- _Problem details_:
Nothing but the lines from the one with "Smiling man walks" through the end of the listing should be reproduced, each exactly and with pictures omitted.

BEGIN Material supplied

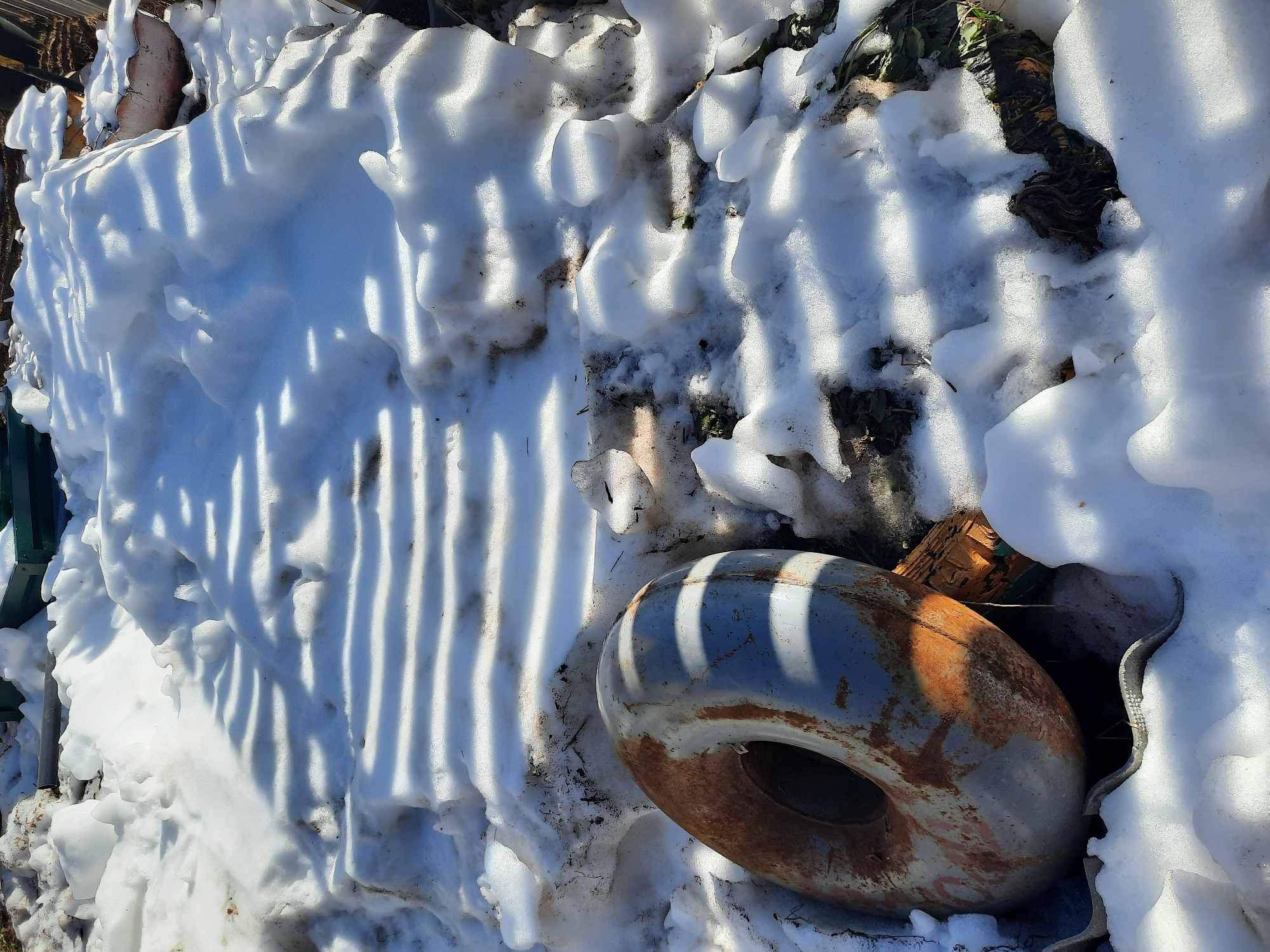 The image depicts a snowy scene, likely outdoors, in or near Krasnogorskoye, Russia, though specific identifiers beyond the general winter environment are absent. A large, donut-shaped object rests on the snow. The object is metal, primarily painted light grey, and exhibits significant rust. The snow cover is uneven, with variable depth and some exposed ground. The shadows cast across the scene suggest a structure with vertical bars, possibly a fence or railing. The scene includes other debris, visible under the snow.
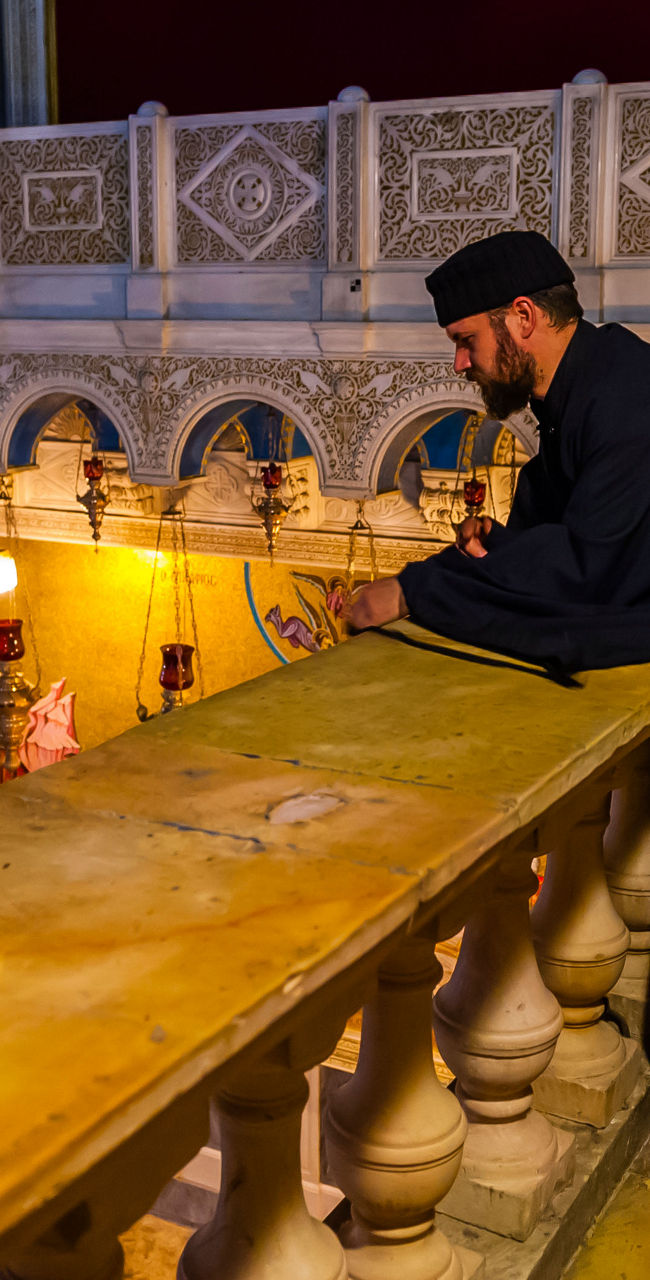 Orthodox priest in ornate church interior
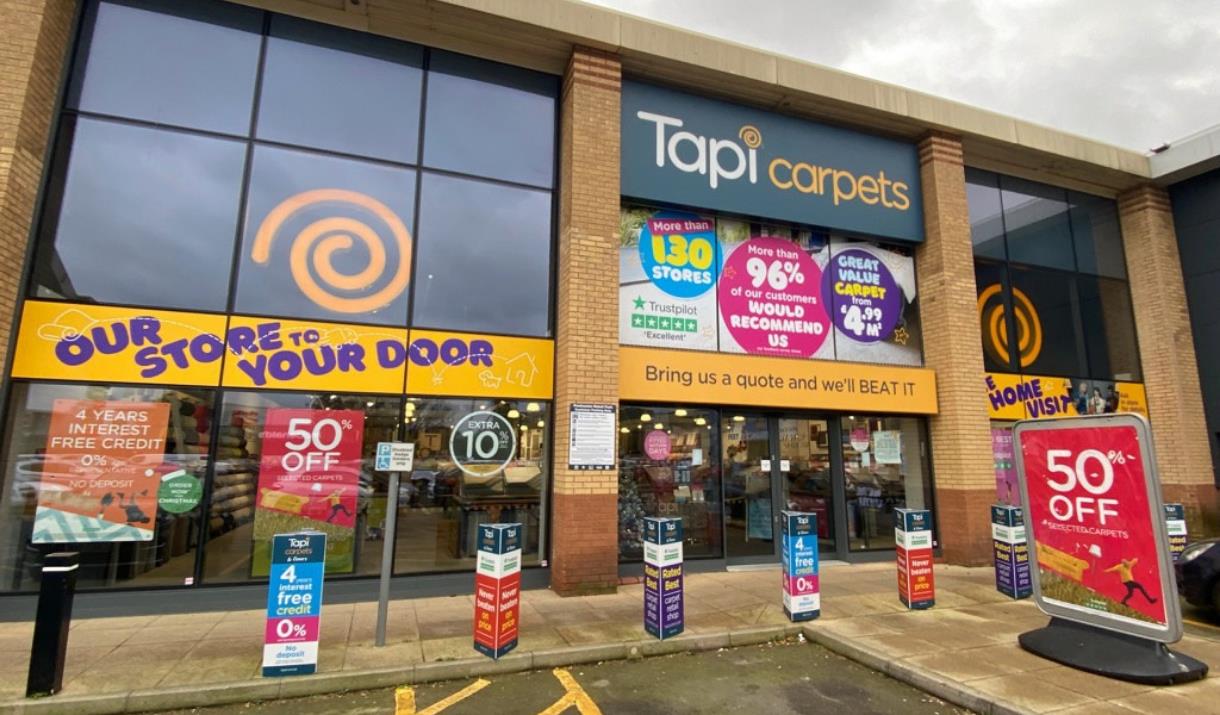 Tapi Carpets in Charlton. A large orange, white and navy building with automatic doors and large windows looking into the shop.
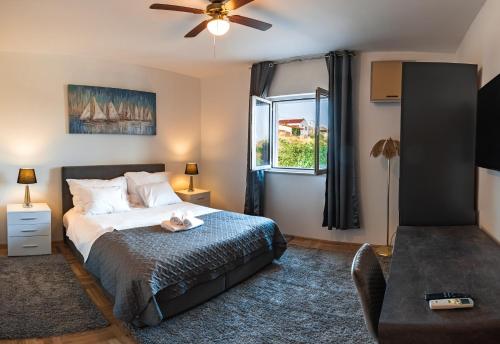 a bedroom with a bed with a ceiling fan and a window at Seaview Villa Summer with private pool & garden in Rtina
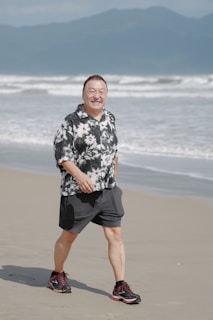 Smiling man walks on a sandy Wollongong beach healthy lifestyle and massage
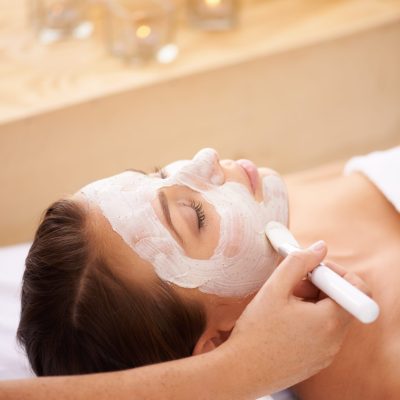 Cream, spa and woman with a face mask, dermatology and treatment for acne, skincare and grooming. Female person, model and girl with a brush, creme and organic facial with wellness, beauty and health.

END Material supplied

- _Response below_:
 Smiling man walks on a sandy Wollongong beach healthy lifestyle and massage
 Cream, spa and woman with a face mask, dermatology and treatment for acne, skincare and grooming. Female person, model and girl with a brush, creme and organic facial with wellness, beauty and health.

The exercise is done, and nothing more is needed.